Hint: We use the formula of distance between two points and calculate the distance by substituting the values of points in the formula. Find the value under the square root and try to write that value in terms of square of a number so as to cancel square root by square power. Use the method of prime factorization to write the number under the square root in simpler form.
* Distance between the two points \[(x,y)\] and \[(a,b)\] is given by\[D = \sqrt {{{(x - a)}^2} + {{(y - b)}^2}} \]where L can never be negative.
* Prime factorization is a process of writing a number in multiple of its factors where all factors are prime numbers.

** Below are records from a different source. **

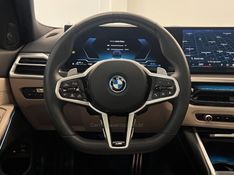 BMW 330E 2.0 M SPORT 16V TURBO HÍBRIDO 2024/2025 ÓTIMA CAR FLORES DA CUNHA / Carros no Vale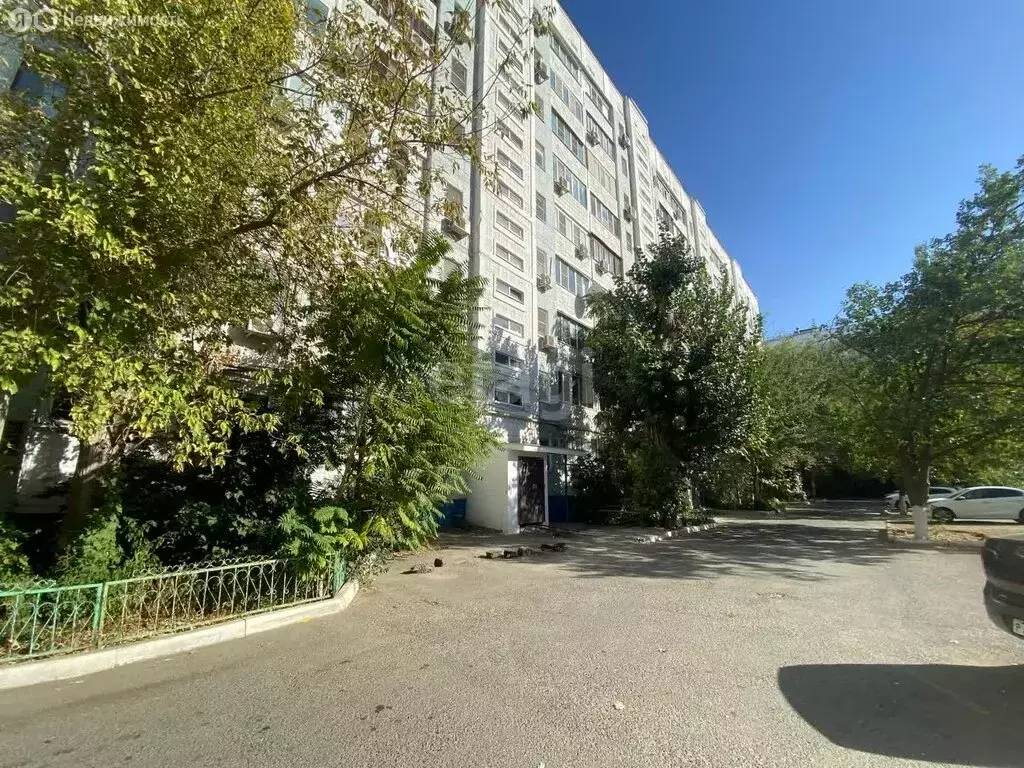 2-комнатная квартира: Астрахань, улица Генерала Епишева, 16 (51 м) - Фото 0
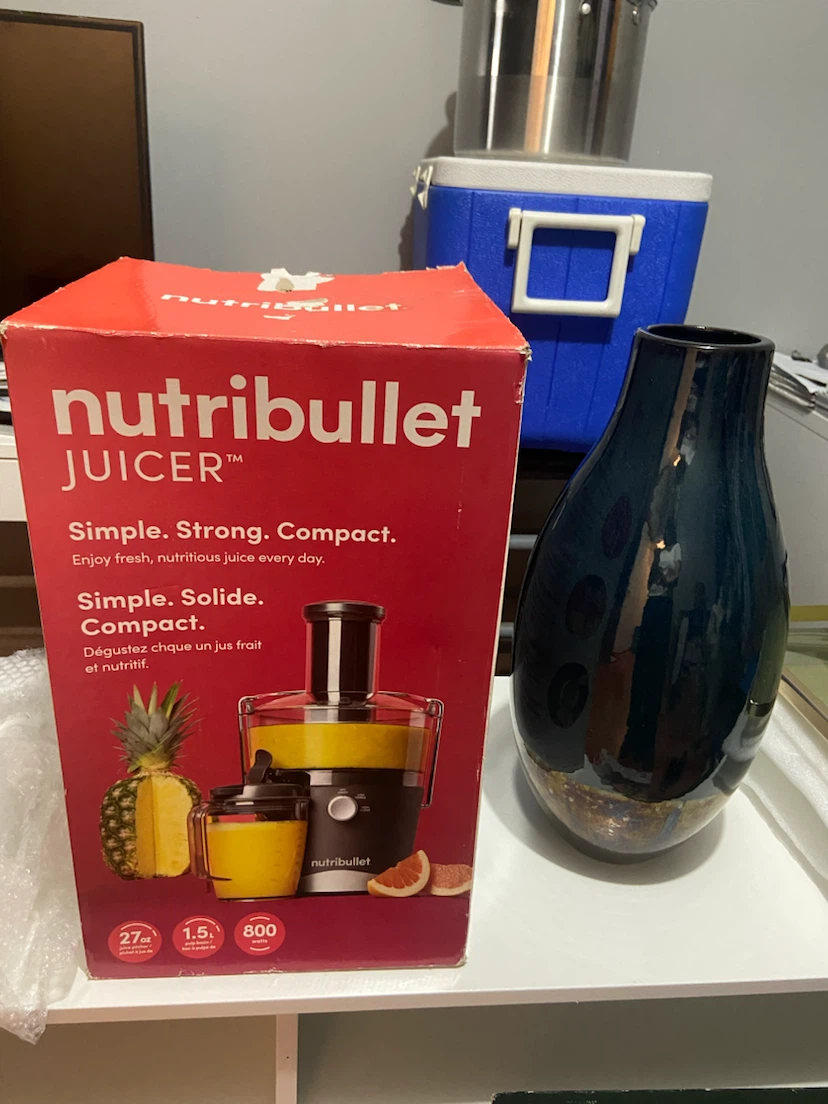 Moving sale -miscellanous kitchen gadgets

Complete step-by-step solution:
We are given two points \[(0,0)\] and \[(36,15)\]
Compare the given points \[(0,0)\] and \[(36,15)\] to the general points \[(x,y)\] and \[(a,b)\].
On comparison we get the value of \[x = 0,y = 0,a = 36,b = 15\]
Since we know the formula of distance between two points \[(x,y)\] and \[(a,b)\] is given by \[D = \sqrt {{{(x - a)}^2} + {{(y - b)}^2}} \]
Substitute the values of \[x = 0,y = 0,a = 36,b = 15\] in the formula of distance
\[ \Rightarrow D = \sqrt {{{(0 - 36)}^2} + {{(0 - 15)}^2}} \]
Calculate the squares of numbers inside the brackets
\[ \Rightarrow D = \sqrt {1296 + 225} \]
Add the terms under the square root
\[ \Rightarrow D = \sqrt {1521} \]
Now we write the prime factorization of the number under the square root i.e. 1521
\[ \Rightarrow \]Prime factorization of \[1521 = 3 \times 3 \times 13 \times 13\]
We can add the powers when the base is same
\[ \Rightarrow \]Prime factorization of \[1521 = {3^2} \times {13^2}\]
Since powers are same the base can be multiplied
\[ \Rightarrow \]Prime factorization of \[1521 = {\left( {3 \times 13} \right)^2}\]
\[ \Rightarrow \]Prime factorization of \[1521 = {39^2}\]
Substitute the value of \[1521 = {39^2}\] under the square root in RHS of the equation
\[ \Rightarrow D = \sqrt {{{39}^2}} \]
Cancel square root by square power on right hand side of the equation
\[ \Rightarrow D = 39\]

\[\therefore \]Distance between the two points \[(0,0)\] and \[(36,15)\] is 39 units.

Note: Students are likely to make the mistake of writing the value of distance directly as \[\sqrt {1521} \] as they don’t know whose square value is 1521. Keep in mind we use a method of prime factorization to break the number into smaller parts and then combine the factors to form square terms.